Your goal
From the data below, return only the lines from the one with "So these are" through the one with "This one also", exact and inclusive, with pictures left out.

Source material
*** Block opens ***

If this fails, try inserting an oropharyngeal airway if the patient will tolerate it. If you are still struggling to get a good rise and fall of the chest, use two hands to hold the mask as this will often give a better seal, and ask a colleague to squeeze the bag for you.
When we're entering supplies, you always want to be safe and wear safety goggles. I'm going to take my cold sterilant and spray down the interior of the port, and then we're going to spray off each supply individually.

*** Block closes ***
*** Block opens ***

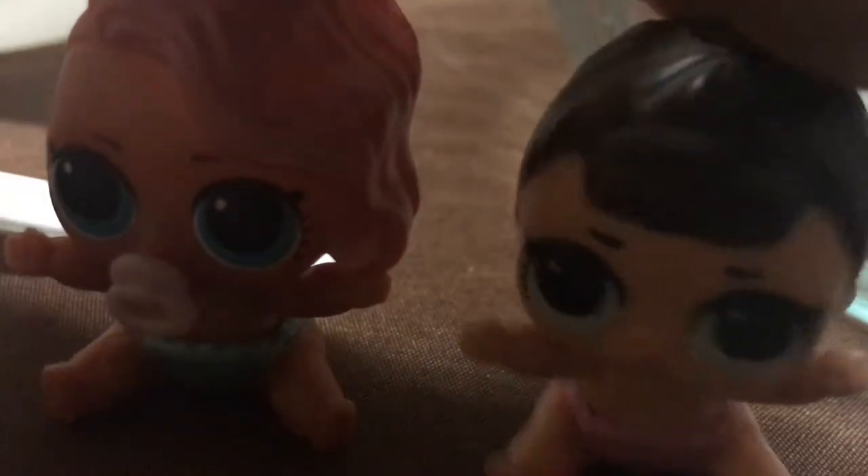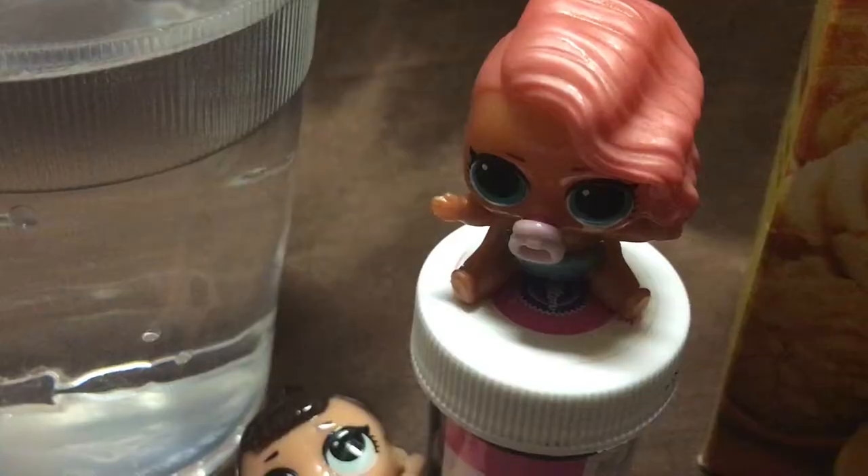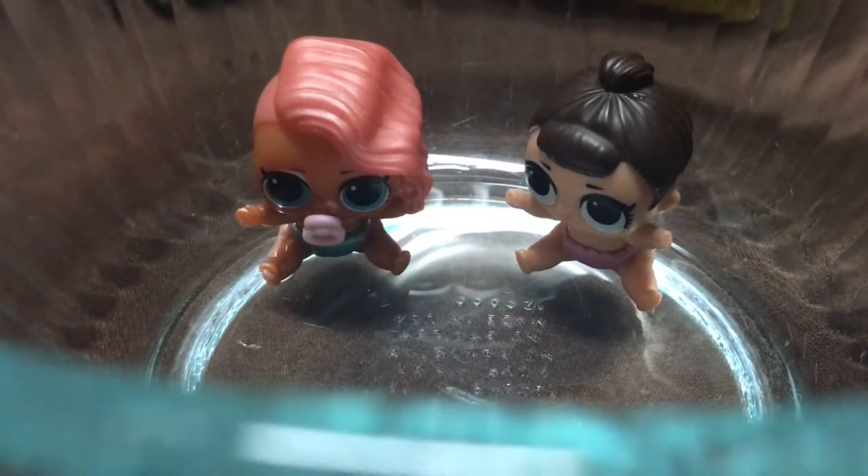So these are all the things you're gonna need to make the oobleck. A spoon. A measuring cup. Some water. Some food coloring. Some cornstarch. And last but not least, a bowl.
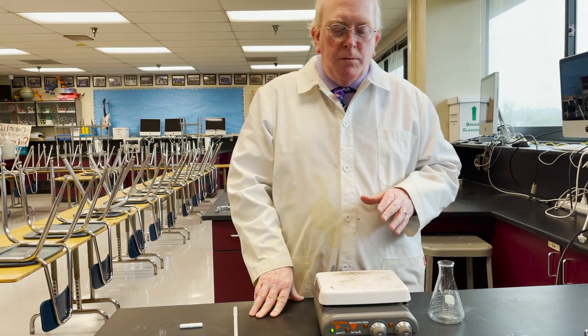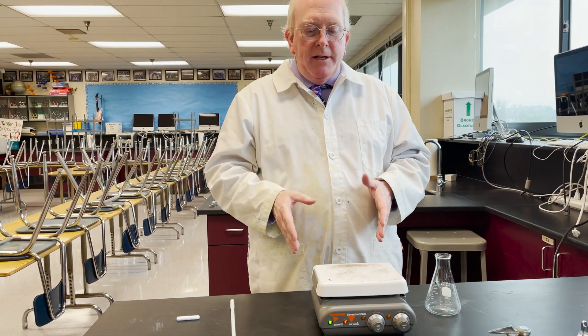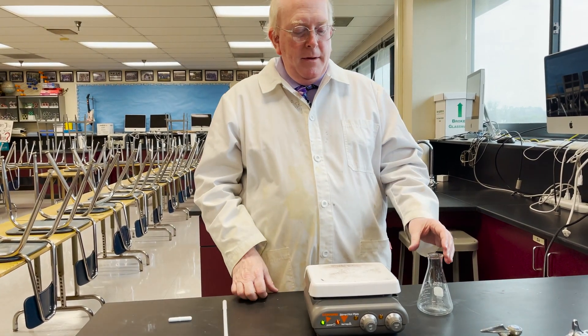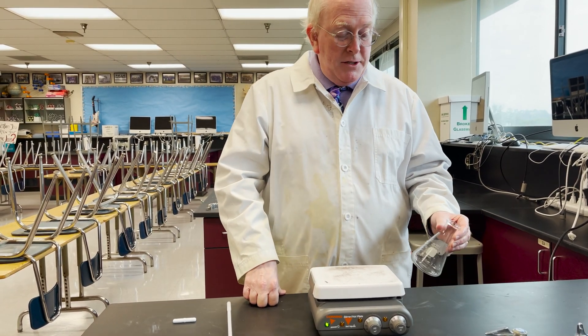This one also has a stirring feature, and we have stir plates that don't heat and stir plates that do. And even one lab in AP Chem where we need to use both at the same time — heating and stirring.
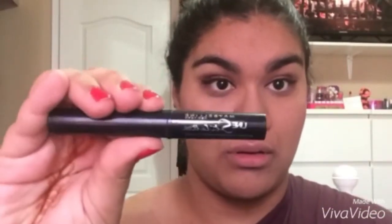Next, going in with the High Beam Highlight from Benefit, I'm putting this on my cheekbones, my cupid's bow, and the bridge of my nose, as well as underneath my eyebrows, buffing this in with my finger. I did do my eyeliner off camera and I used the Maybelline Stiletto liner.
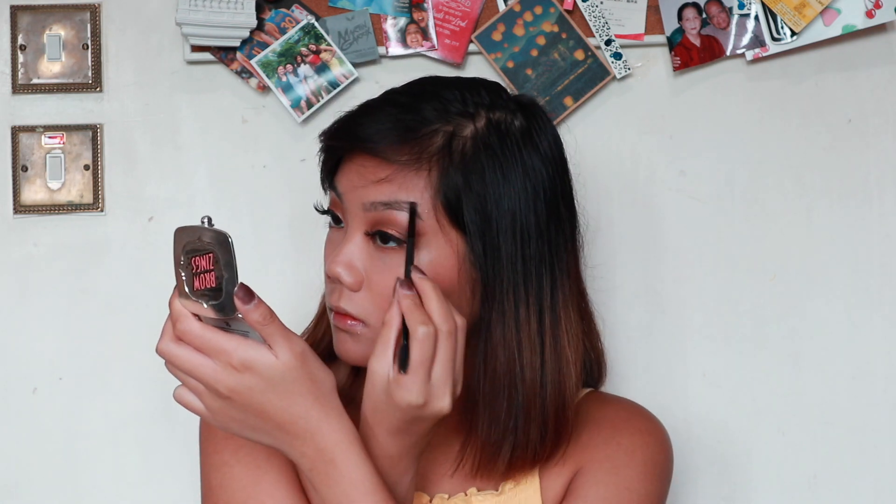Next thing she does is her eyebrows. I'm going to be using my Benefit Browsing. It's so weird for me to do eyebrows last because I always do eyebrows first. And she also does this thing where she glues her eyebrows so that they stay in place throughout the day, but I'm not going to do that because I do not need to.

*** Block closes ***

Solution for this task
So these are all the things you're gonna need to make the oobleck. A spoon. A measuring cup. Some water. Some food coloring. Some cornstarch. And last but not least, a bowl.
This one also has a stirring feature, and we have stir plates that don't heat and stir plates that do. And even one lab in AP Chem where we need to use both at the same time — heating and stirring.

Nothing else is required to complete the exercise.